* [DIRECTIONS FOR THIS TASK] Among the entries below, only the lines from the one with "children playing with" through the one with "Someone filling a" are to be retyped, exactly and without pictures.

┌─ LISTED ENTRIES

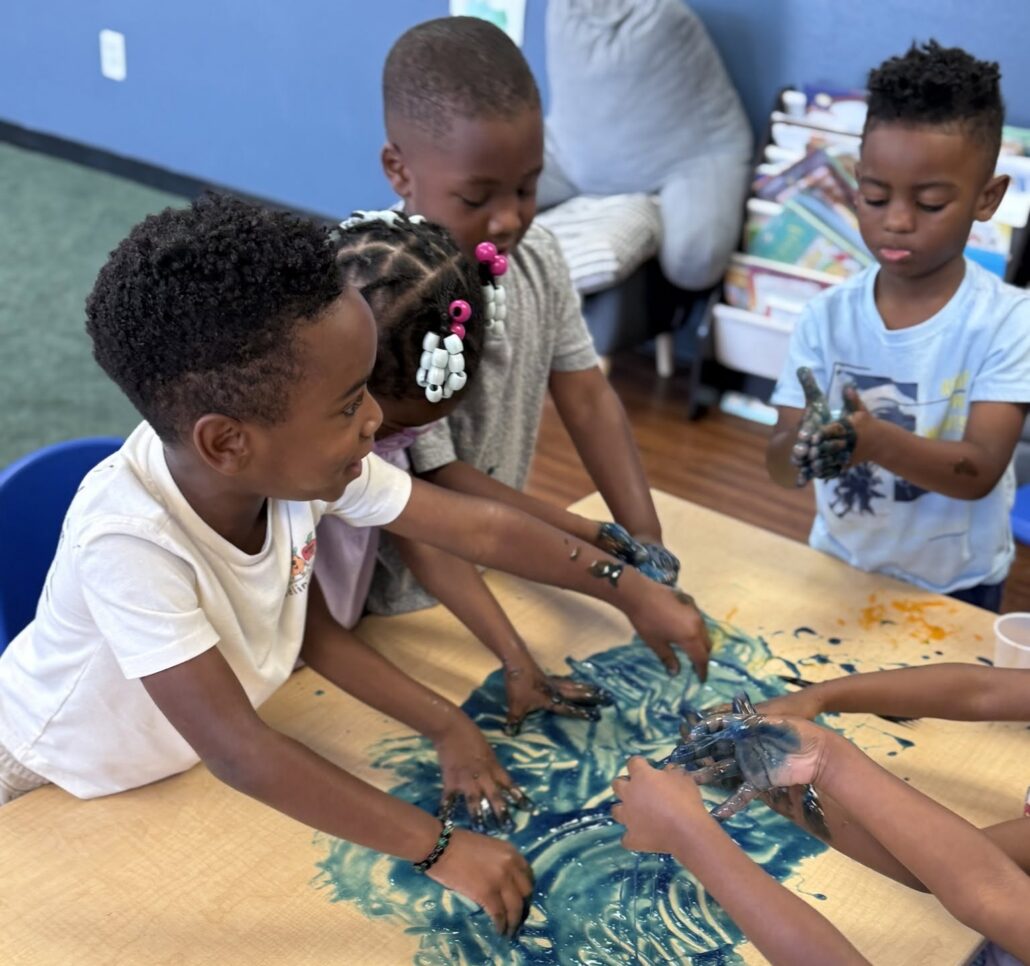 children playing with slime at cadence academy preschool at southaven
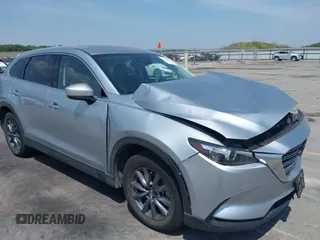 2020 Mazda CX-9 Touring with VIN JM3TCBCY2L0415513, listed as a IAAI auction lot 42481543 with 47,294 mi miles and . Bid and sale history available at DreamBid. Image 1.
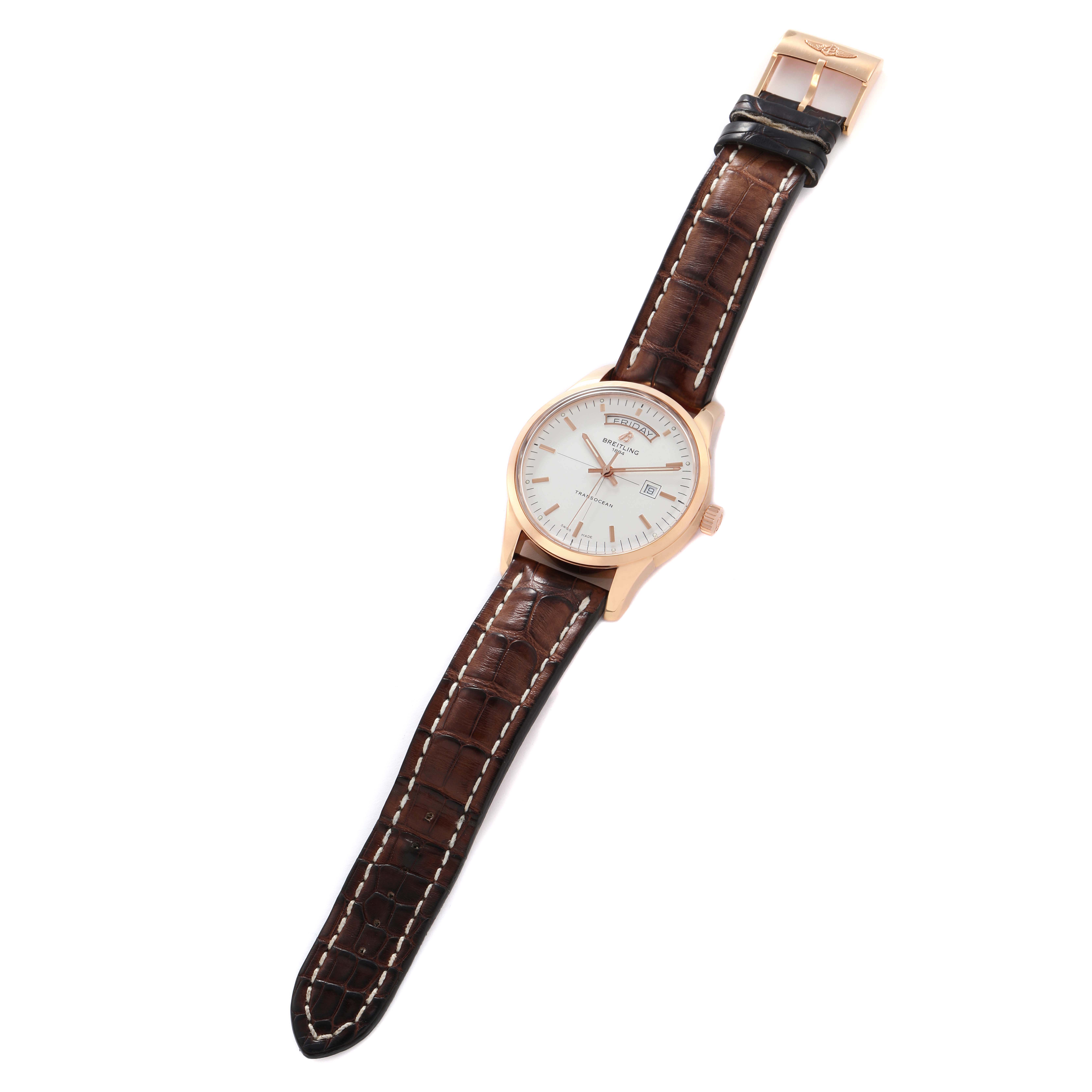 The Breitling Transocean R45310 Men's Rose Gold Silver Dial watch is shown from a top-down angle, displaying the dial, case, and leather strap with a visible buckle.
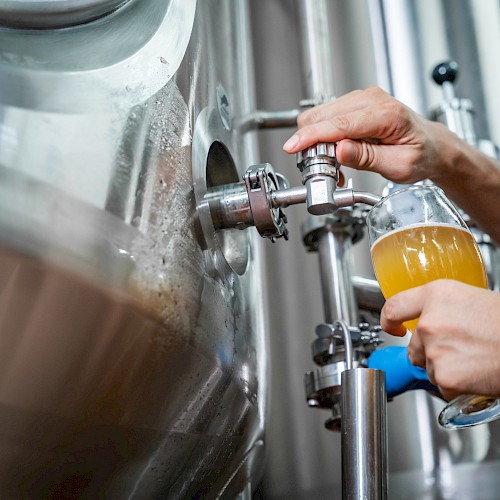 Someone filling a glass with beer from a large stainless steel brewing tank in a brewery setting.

└─
┌─ LISTED ENTRIES

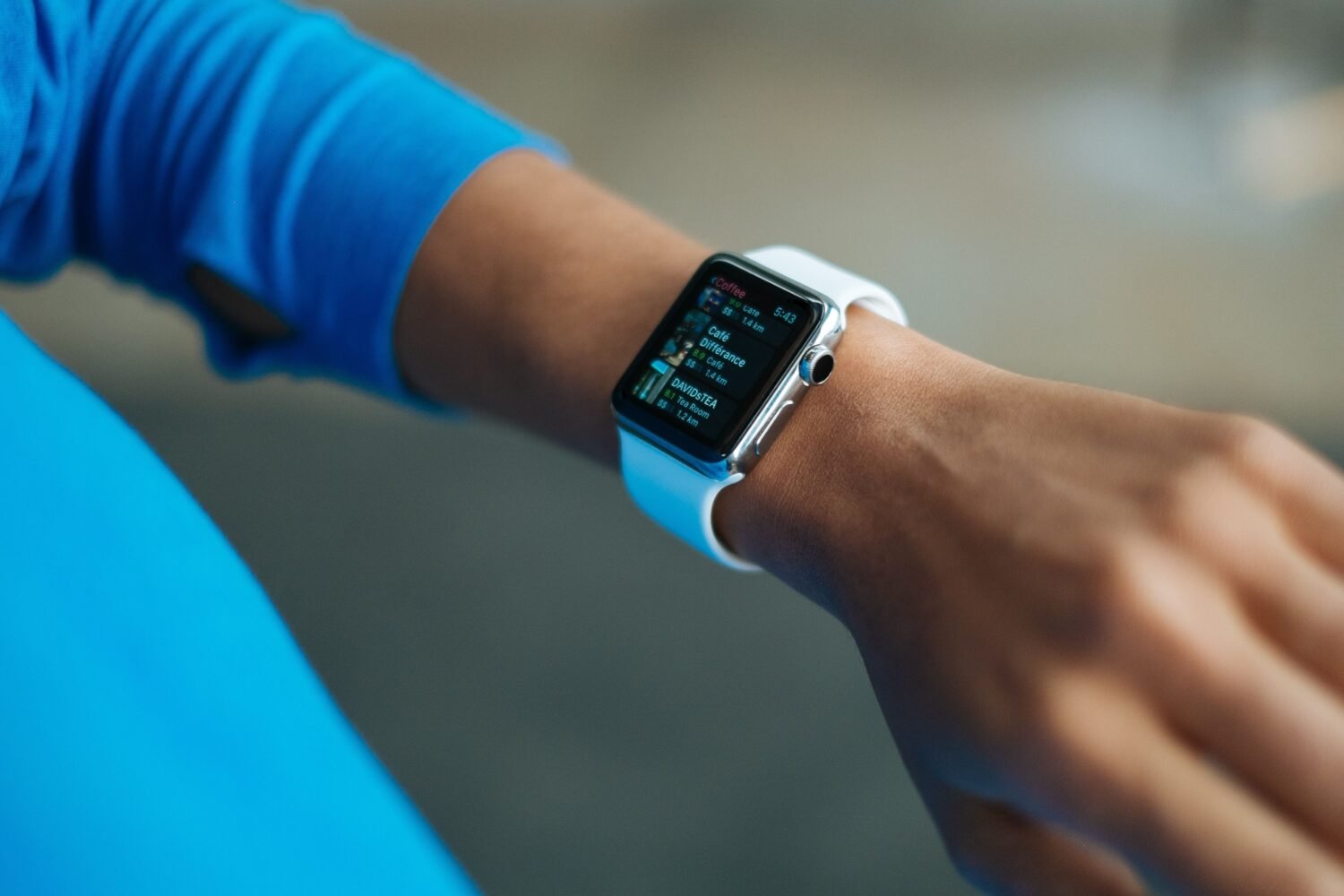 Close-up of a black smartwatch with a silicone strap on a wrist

└─
┌─ LISTED ENTRIES

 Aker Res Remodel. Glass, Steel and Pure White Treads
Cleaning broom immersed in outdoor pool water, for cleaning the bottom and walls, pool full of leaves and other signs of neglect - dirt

└─

* [RESPONSE BOX]
 children playing with slime at cadence academy preschool at southaven
 2020 Mazda CX-9 Touring with VIN JM3TCBCY2L0415513, listed as a IAAI auction lot 42481543 with 47,294 mi miles and . Bid and sale history available at DreamBid. Image 1.
 The Breitling Transocean R45310 Men's Rose Gold Silver Dial watch is shown from a top-down angle, displaying the dial, case, and leather strap with a visible buckle.
 Someone filling a glass with beer from a large stainless steel brewing tank in a brewery setting.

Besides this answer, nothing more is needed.